▸ **EXERCISE INSTRUCTIONS**:
In the listing below, find the line containing "You then have" and the line containing "As always if", then copy exactly everything from the first through the second, except the pictures.

▸ **MATERIAL SUPPLIED**:
..........

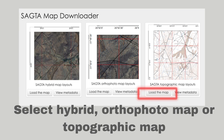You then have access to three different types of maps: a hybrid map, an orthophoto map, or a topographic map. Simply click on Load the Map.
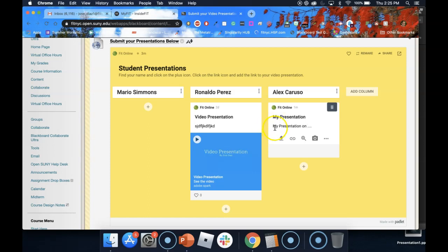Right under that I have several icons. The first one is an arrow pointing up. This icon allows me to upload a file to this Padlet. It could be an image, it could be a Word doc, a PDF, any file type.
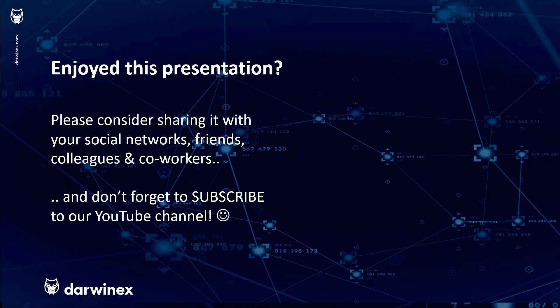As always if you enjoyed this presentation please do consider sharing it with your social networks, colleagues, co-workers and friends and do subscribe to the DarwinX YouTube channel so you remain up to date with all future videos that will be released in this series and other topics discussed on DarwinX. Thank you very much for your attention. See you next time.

..........

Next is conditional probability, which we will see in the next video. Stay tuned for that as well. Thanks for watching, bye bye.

..........

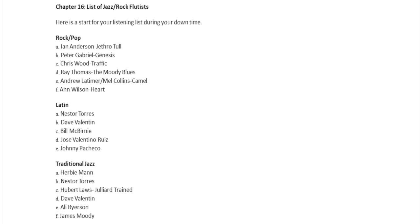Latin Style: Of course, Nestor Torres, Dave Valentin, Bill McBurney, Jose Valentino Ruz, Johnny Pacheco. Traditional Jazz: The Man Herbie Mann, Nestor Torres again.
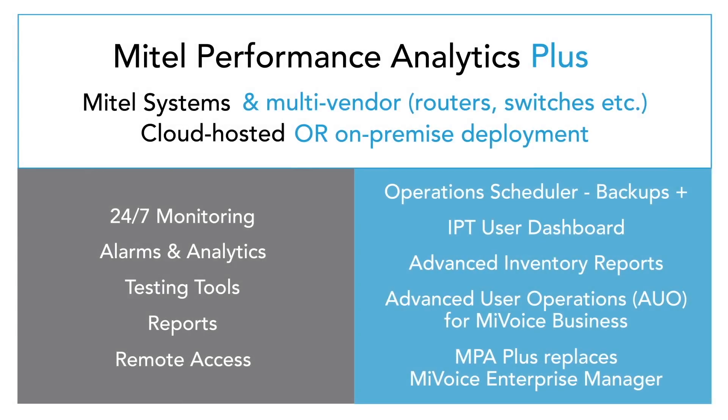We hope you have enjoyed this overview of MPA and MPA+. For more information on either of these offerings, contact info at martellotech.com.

..........

▸ **ANSWER TO THIS EXERCISE**:
You then have access to three different types of maps: a hybrid map, an orthophoto map, or a topographic map. Simply click on Load the Map.
Right under that I have several icons. The first one is an arrow pointing up. This icon allows me to upload a file to this Padlet. It could be an image, it could be a Word doc, a PDF, any file type.
As always if you enjoyed this presentation please do consider sharing it with your social networks, colleagues, co-workers and friends and do subscribe to the DarwinX YouTube channel so you remain up to date with all future videos that will be released in this series and other topics discussed on DarwinX. Thank you very much for your attention. See you next time.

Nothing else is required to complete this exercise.